[PATCH] D45199: AArch64: Allow offsets to be folded into addresses with ELF.

Sun Apr 8 21:41:50 PDT 2018

pcc added inline comments.

================
Comment at: llvm/test/CodeGen/AArch64/arm64-atomic-128.ll:32-33

-; CHECK-DAG: stp    [[DEST_REGLO]], [[DEST_REGHI]]
+; CHECK-DAG: str    [[DEST_REGLO]], [{{.*}}, :lo12:var]
+; CHECK-DAG: str    [[DEST_REGHI]], [{{.*}}, :lo12:var+8]
   %val = atomicrmw nand i128* %p, i128 %bits release
----------------
t.p.northover wrote:
> It's a bit of a shame to lose this optimization. Did you look into enhancing AArch64LoadStoreOptimizer.cpp to account for the new instruction shapes?
I hacked on the load store optimizer to teach it to pair merge and zero store merge instructions with reg+globaladdr operands. It ended up making the pass significantly more complicated (+ ~100 lines), and only ended up reducing the size of .text in Chromium for Android by 1KB (i.e. it fired only about 250 times). So despite the impression that one might get from looking at the test cases, it seems like such an optimization wouldn't be pulling its weight in real world code.

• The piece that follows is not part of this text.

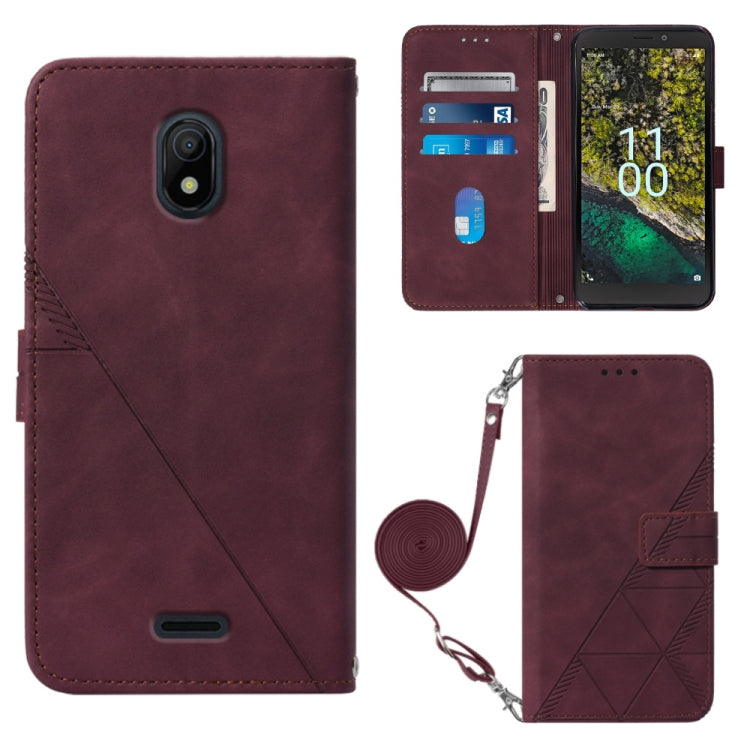 Crossbody 3D Embossed Flip Leather Phone Case, For Nokia C100, For Nokia C200, For Nokia G11 Plus, For Nokia G60 5G, For Nokia G100, For Nokia G400, For OPPO A17 4G, For OPPO A55S 5G CPH2309 JP Edition
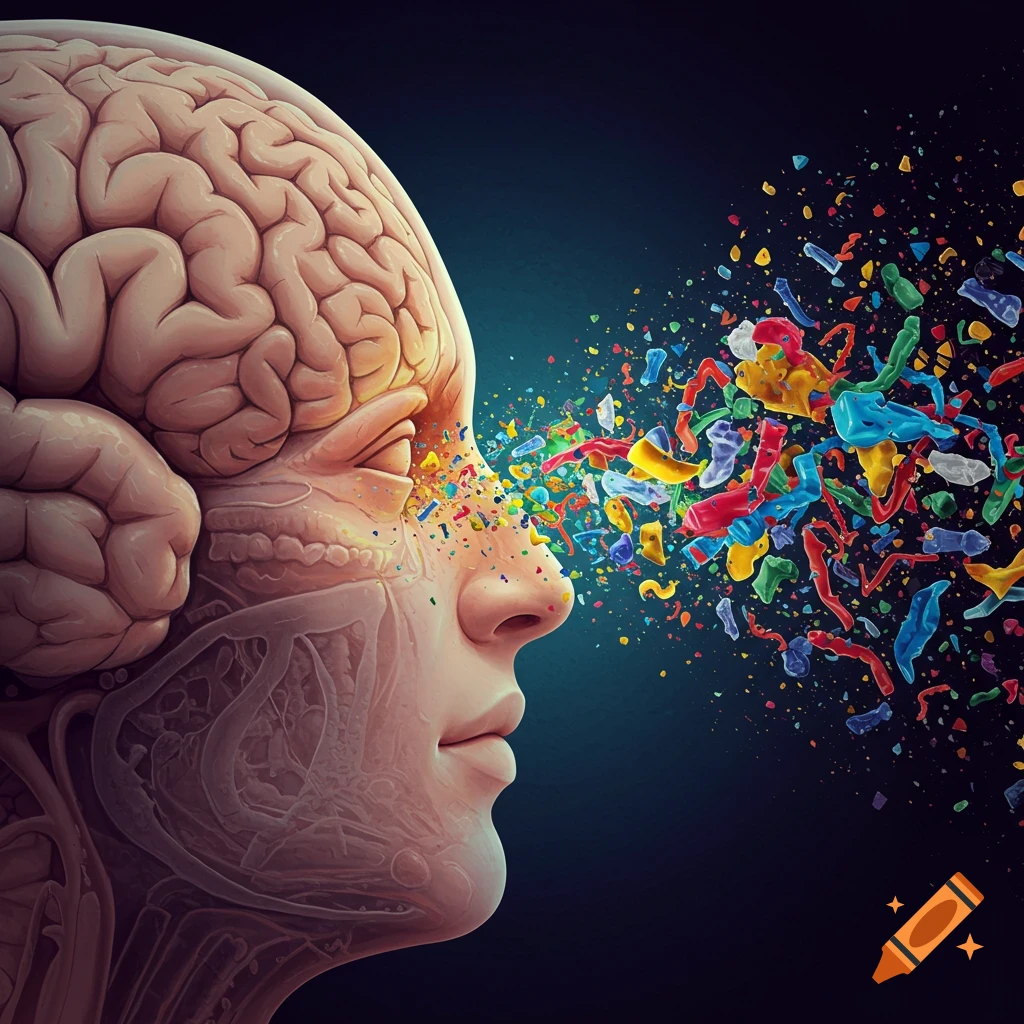 A human head with an exposed brain, with colorful particles flying out of the eye.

I imagine that in the vast majority of cases, the potentially pair mergeable instructions do not use the address of a global but rather a parameter or a value loaded from memory, which will of course be in a register and therefore still pair mergeable.

I can share the patch if you'd like, but my initial conclusion is that it doesn't seem worth the added complexity to me.

https://reviews.llvm.org/D45199